### [Instructions for the task]
The whole answer is the data below, retyped exactly.

### [Listed records]

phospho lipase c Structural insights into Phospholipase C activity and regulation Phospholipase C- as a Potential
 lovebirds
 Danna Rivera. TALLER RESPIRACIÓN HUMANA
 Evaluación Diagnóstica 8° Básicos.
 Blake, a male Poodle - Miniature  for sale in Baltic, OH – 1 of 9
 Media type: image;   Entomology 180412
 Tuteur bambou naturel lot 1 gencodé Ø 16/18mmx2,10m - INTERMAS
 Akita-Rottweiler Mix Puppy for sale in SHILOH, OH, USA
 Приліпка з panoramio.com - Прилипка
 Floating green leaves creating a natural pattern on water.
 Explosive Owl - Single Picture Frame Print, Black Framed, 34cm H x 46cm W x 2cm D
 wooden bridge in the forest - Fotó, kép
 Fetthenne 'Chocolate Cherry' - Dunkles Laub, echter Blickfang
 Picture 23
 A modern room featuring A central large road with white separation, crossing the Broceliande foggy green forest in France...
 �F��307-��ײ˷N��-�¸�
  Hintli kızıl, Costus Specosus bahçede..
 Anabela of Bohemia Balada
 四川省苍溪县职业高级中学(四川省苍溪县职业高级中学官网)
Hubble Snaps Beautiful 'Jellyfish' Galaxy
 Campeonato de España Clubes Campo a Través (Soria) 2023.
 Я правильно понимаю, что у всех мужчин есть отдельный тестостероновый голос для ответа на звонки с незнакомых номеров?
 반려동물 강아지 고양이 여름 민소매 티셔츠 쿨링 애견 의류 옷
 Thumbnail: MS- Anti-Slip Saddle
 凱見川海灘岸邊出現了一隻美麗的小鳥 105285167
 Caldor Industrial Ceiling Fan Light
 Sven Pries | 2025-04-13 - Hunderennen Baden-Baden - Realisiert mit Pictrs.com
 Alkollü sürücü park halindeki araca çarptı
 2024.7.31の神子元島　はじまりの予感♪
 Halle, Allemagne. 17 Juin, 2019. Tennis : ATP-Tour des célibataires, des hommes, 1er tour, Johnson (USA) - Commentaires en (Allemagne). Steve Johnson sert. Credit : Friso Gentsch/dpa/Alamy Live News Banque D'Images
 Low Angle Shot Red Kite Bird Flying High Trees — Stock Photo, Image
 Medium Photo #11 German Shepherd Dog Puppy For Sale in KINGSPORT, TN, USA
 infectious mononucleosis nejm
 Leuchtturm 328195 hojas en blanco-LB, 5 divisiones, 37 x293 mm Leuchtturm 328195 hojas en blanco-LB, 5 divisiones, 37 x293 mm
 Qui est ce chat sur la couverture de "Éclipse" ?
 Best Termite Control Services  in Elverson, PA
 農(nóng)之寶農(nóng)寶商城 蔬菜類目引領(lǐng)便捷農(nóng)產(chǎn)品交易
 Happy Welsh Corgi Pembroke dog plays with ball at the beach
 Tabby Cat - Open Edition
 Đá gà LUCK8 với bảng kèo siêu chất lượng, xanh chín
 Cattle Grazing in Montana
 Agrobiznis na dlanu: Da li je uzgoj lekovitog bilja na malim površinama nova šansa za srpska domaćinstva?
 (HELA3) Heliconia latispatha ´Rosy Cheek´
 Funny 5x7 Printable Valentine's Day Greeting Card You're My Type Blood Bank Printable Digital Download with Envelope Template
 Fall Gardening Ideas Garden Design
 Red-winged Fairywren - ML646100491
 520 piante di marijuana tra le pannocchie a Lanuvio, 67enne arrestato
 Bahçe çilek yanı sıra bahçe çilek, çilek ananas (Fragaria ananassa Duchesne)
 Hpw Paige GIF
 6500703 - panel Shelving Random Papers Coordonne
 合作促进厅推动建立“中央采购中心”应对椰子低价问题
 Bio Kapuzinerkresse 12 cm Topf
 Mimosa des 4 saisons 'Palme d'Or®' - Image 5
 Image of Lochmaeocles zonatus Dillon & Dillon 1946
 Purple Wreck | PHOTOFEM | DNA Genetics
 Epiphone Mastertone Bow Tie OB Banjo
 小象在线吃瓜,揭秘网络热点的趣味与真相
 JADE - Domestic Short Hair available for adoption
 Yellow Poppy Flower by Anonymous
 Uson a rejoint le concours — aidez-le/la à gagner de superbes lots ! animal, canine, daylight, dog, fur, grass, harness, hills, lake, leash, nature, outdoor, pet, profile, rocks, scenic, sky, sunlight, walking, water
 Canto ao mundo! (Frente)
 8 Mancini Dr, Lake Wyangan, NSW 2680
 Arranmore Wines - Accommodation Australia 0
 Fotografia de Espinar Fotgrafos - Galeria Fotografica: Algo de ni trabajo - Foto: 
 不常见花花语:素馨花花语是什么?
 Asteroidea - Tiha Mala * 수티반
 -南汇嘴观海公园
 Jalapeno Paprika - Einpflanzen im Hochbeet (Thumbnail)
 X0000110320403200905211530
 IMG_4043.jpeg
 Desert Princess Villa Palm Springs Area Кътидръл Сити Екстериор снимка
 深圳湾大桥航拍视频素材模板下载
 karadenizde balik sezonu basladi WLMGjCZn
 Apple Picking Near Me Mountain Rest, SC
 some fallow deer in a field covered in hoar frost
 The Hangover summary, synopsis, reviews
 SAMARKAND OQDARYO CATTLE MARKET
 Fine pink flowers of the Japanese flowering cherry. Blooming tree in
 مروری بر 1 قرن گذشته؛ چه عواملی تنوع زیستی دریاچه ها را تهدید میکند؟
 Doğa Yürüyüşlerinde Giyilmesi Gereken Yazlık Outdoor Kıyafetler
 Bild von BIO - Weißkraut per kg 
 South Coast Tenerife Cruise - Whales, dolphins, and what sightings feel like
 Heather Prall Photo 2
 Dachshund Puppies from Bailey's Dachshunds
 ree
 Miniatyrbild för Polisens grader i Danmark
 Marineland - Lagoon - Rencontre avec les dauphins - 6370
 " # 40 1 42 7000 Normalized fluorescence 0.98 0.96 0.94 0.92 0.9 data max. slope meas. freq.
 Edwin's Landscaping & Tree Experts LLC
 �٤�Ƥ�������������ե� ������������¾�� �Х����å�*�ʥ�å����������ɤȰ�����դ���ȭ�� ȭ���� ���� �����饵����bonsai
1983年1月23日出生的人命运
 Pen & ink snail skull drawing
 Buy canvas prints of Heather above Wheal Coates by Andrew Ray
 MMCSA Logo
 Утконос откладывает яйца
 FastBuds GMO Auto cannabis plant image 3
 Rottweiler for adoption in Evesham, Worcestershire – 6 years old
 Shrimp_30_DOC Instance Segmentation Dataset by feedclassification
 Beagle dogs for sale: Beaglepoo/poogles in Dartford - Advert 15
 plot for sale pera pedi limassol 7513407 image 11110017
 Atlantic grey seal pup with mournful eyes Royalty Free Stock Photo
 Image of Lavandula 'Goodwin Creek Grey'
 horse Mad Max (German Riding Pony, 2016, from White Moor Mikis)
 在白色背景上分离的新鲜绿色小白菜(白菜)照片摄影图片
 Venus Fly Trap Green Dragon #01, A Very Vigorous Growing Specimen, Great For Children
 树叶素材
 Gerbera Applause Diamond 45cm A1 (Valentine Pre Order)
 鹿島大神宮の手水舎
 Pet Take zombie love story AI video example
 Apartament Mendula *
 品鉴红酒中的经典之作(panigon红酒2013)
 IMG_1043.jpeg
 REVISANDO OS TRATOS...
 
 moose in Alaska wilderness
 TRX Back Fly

### [Answer section]
phospho lipase c Structural insights into Phospholipase C activity and regulation Phospholipase C- as a Potential
 lovebirds
 Danna Rivera. TALLER RESPIRACIÓN HUMANA
 Evaluación Diagnóstica 8° Básicos.
 Blake, a male Poodle - Miniature  for sale in Baltic, OH – 1 of 9
 Media type: image;   Entomology 180412
 Tuteur bambou naturel lot 1 gencodé Ø 16/18mmx2,10m - INTERMAS
 Akita-Rottweiler Mix Puppy for sale in SHILOH, OH, USA
 Приліпка з panoramio.com - Прилипка
 Floating green leaves creating a natural pattern on water.
 Explosive Owl - Single Picture Frame Print, Black Framed, 34cm H x 46cm W x 2cm D
 wooden bridge in the forest - Fotó, kép
 Fetthenne 'Chocolate Cherry' - Dunkles Laub, echter Blickfang
 Picture 23
 A modern room featuring A central large road with white separation, crossing the Broceliande foggy green forest in France...
 �F��307-��ײ˷N��-�¸�
  Hintli kızıl, Costus Specosus bahçede..
 Anabela of Bohemia Balada
 四川省苍溪县职业高级中学(四川省苍溪县职业高级中学官网)
Hubble Snaps Beautiful 'Jellyfish' Galaxy
 Campeonato de España Clubes Campo a Través (Soria) 2023.
 Я правильно понимаю, что у всех мужчин есть отдельный тестостероновый голос для ответа на звонки с незнакомых номеров?
 반려동물 강아지 고양이 여름 민소매 티셔츠 쿨링 애견 의류 옷
 Thumbnail: MS- Anti-Slip Saddle
 凱見川海灘岸邊出現了一隻美麗的小鳥 105285167
 Caldor Industrial Ceiling Fan Light
 Sven Pries | 2025-04-13 - Hunderennen Baden-Baden - Realisiert mit Pictrs.com
 Alkollü sürücü park halindeki araca çarptı
 2024.7.31の神子元島　はじまりの予感♪
 Halle, Allemagne. 17 Juin, 2019. Tennis : ATP-Tour des célibataires, des hommes, 1er tour, Johnson (USA) - Commentaires en (Allemagne). Steve Johnson sert. Credit : Friso Gentsch/dpa/Alamy Live News Banque D'Images
 Low Angle Shot Red Kite Bird Flying High Trees — Stock Photo, Image
 Medium Photo #11 German Shepherd Dog Puppy For Sale in KINGSPORT, TN, USA
 infectious mononucleosis nejm
 Leuchtturm 328195 hojas en blanco-LB, 5 divisiones, 37 x293 mm Leuchtturm 328195 hojas en blanco-LB, 5 divisiones, 37 x293 mm
 Qui est ce chat sur la couverture de "Éclipse" ?
 Best Termite Control Services  in Elverson, PA
 農(nóng)之寶農(nóng)寶商城 蔬菜類目引領(lǐng)便捷農(nóng)產(chǎn)品交易
 Happy Welsh Corgi Pembroke dog plays with ball at the beach
 Tabby Cat - Open Edition
 Đá gà LUCK8 với bảng kèo siêu chất lượng, xanh chín
 Cattle Grazing in Montana
 Agrobiznis na dlanu: Da li je uzgoj lekovitog bilja na malim površinama nova šansa za srpska domaćinstva?
 (HELA3) Heliconia latispatha ´Rosy Cheek´
 Funny 5x7 Printable Valentine's Day Greeting Card You're My Type Blood Bank Printable Digital Download with Envelope Template
 Fall Gardening Ideas Garden Design
 Red-winged Fairywren - ML646100491
 520 piante di marijuana tra le pannocchie a Lanuvio, 67enne arrestato
 Bahçe çilek yanı sıra bahçe çilek, çilek ananas (Fragaria ananassa Duchesne)
 Hpw Paige GIF
 6500703 - panel Shelving Random Papers Coordonne
 合作促进厅推动建立“中央采购中心”应对椰子低价问题
 Bio Kapuzinerkresse 12 cm Topf
 Mimosa des 4 saisons 'Palme d'Or®' - Image 5
 Image of Lochmaeocles zonatus Dillon & Dillon 1946
 Purple Wreck | PHOTOFEM | DNA Genetics
 Epiphone Mastertone Bow Tie OB Banjo
 小象在线吃瓜,揭秘网络热点的趣味与真相
 JADE - Domestic Short Hair available for adoption
 Yellow Poppy Flower by Anonymous
 Uson a rejoint le concours — aidez-le/la à gagner de superbes lots ! animal, canine, daylight, dog, fur, grass, harness, hills, lake, leash, nature, outdoor, pet, profile, rocks, scenic, sky, sunlight, walking, water
 Canto ao mundo! (Frente)
 8 Mancini Dr, Lake Wyangan, NSW 2680
 Arranmore Wines - Accommodation Australia 0
 Fotografia de Espinar Fotgrafos - Galeria Fotografica: Algo de ni trabajo - Foto: 
 不常见花花语:素馨花花语是什么?
 Asteroidea - Tiha Mala * 수티반
 -南汇嘴观海公园
 Jalapeno Paprika - Einpflanzen im Hochbeet (Thumbnail)
 X0000110320403200905211530
 IMG_4043.jpeg
 Desert Princess Villa Palm Springs Area Кътидръл Сити Екстериор снимка
 深圳湾大桥航拍视频素材模板下载
 karadenizde balik sezonu basladi WLMGjCZn
 Apple Picking Near Me Mountain Rest, SC
 some fallow deer in a field covered in hoar frost
 The Hangover summary, synopsis, reviews
 SAMARKAND OQDARYO CATTLE MARKET
 Fine pink flowers of the Japanese flowering cherry. Blooming tree in
 مروری بر 1 قرن گذشته؛ چه عواملی تنوع زیستی دریاچه ها را تهدید میکند؟
 Doğa Yürüyüşlerinde Giyilmesi Gereken Yazlık Outdoor Kıyafetler
 Bild von BIO - Weißkraut per kg 
 South Coast Tenerife Cruise - Whales, dolphins, and what sightings feel like
 Heather Prall Photo 2
 Dachshund Puppies from Bailey's Dachshunds
 ree
 Miniatyrbild för Polisens grader i Danmark
 Marineland - Lagoon - Rencontre avec les dauphins - 6370
 " # 40 1 42 7000 Normalized fluorescence 0.98 0.96 0.94 0.92 0.9 data max. slope meas. freq.
 Edwin's Landscaping & Tree Experts LLC
 �٤�Ƥ�������������ե� ������������¾�� �Х����å�*�ʥ�å����������ɤȰ�����դ���ȭ�� ȭ���� ���� �����饵����bonsai
1983年1月23日出生的人命运
 Pen & ink snail skull drawing
 Buy canvas prints of Heather above Wheal Coates by Andrew Ray
 MMCSA Logo
 Утконос откладывает яйца
 FastBuds GMO Auto cannabis plant image 3
 Rottweiler for adoption in Evesham, Worcestershire – 6 years old
 Shrimp_30_DOC Instance Segmentation Dataset by feedclassification
 Beagle dogs for sale: Beaglepoo/poogles in Dartford - Advert 15
 plot for sale pera pedi limassol 7513407 image 11110017
 Atlantic grey seal pup with mournful eyes Royalty Free Stock Photo
 Image of Lavandula 'Goodwin Creek Grey'
 horse Mad Max (German Riding Pony, 2016, from White Moor Mikis)
 在白色背景上分离的新鲜绿色小白菜(白菜)照片摄影图片
 Venus Fly Trap Green Dragon #01, A Very Vigorous Growing Specimen, Great For Children
 树叶素材
 Gerbera Applause Diamond 45cm A1 (Valentine Pre Order)
 鹿島大神宮の手水舎
 Pet Take zombie love story AI video example
 Apartament Mendula *
 品鉴红酒中的经典之作(panigon红酒2013)
 IMG_1043.jpeg
 REVISANDO OS TRATOS...
 
 moose in Alaska wilderness
 TRX Back Fly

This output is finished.